In turn, these edge cities helped fuel the growth of even further-flung “exurbs”, rich commuter communities living a new frontier idyll. Today, exurbs remain some of the most dynamic and attractive parts of America. But this new civilisation has an Achilles heel. It has no interest in public transport. For its existence, it depends on the car.
Back in 1991, that didn’t seem a problem. The internal combustion engine looked set to reign for ever. As Garreau wrote then, “no … analyst around thinks there is any supply and demand reason – other than war – that the price of oil should go any higher than $30 a barrel … in this generation.” Back then a gallon of gas cost $1.30. Last week the national average price breached $4, and the price of oil flirted with $140 a barrel.
It’s easy for Europeans to mock Americans for their anguish at $4 gasoline, when the soaring euro has pushed petrol prices to the equivalent of $10 or more a gallon in parts of the EU. But, in Europe, high taxes have long kept petrol expensive. In the US, where taxes constitute only a fraction of the cost, a jump in the cost of crude has a proportionately far greater impact. Petrol prices in Europe haven’t virtually doubled in three years as they have here. And in Europe, unlike America, an entire way of life has not been founded on the mistaken premise that gasoline would be forever cheap.
The advent of $4-a-gallon gasoline has produced the inevitable theatrics.
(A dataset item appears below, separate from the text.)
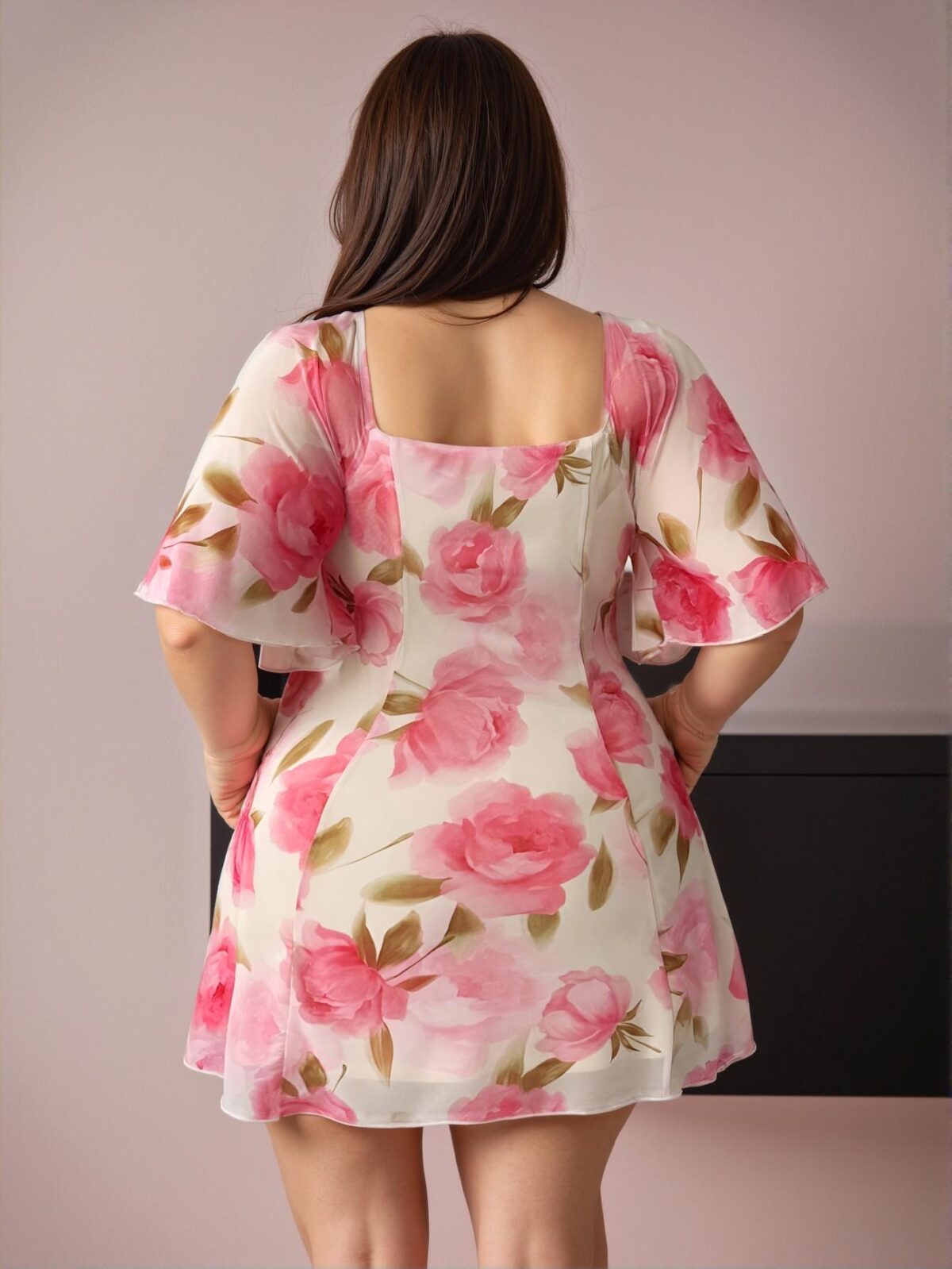 Elegant Pink Romantic Floral Print Flounce Sleeve Dress for Spring and Summer - Chic, Classy, and Trendy Fashion Style to Dress to Impress - Image 2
Right-wing nuts proclaim the whole thing is a plot by Arab oil producers, while Congress has hauled oil company bosses before it to explain why their firms are making profits the size of other countries’ GNPs while ordinary Americans can’t make ends meet.
Three weeks ago, just before the traditional start of the summer driving season, the House of Representatives passed a bill allowing Opec (the Organisation of Petroleum Exporting Countries) to be prosecuted under US anti-trust laws. It was called, groan, the “No Oil Producing and Exporting Cartels Act” or Nopec. Dick Cheney – Vice-President and former oilman – told audiences that, if people had listened to him and opened up Arctic wildlife refuges and unprospected parts of the Gulf of Mexico to drilling, the country wouldn’t have reached such a pass.
Americans, however, aren’t buying that argument. People seem to realise that an epochal shift in the global oil market is under way, which will not be greatly affected by a marginal increase in production in Texas, or by letting Big Oil loose in the Alaskan tundra, or by tax cuts that might knock 15 or 20 cents off the pump price, but which might equally be pocketed by those wicked oil companies.
Gasoline at $3 a gallon – a milestone passed barely a year ago – didn’t seem to make much impact. But $4 a gallon has been a different story. Sales of “gas-guzzler” SUVs and pick-up trucks have plunged, and entire factories have closed. For the first time ever last month, sales of Japanese- and Korean-made cars exceeded those of GM, Ford and Chrysler combined.
Even in Detroit, the penny has finally dropped that the motoring industry must somehow drastically improve the fuel efficiency of its vehicles or perish. For the first time in decades, gasoline consumption is actually falling. Telecommuting is growing, as is the use of car pools. The Washington area is seeing a boom in “slugging”, a system of casual, instant car pooling. All of a sudden, to this observer at least, there seem to be fewer cars on the roads.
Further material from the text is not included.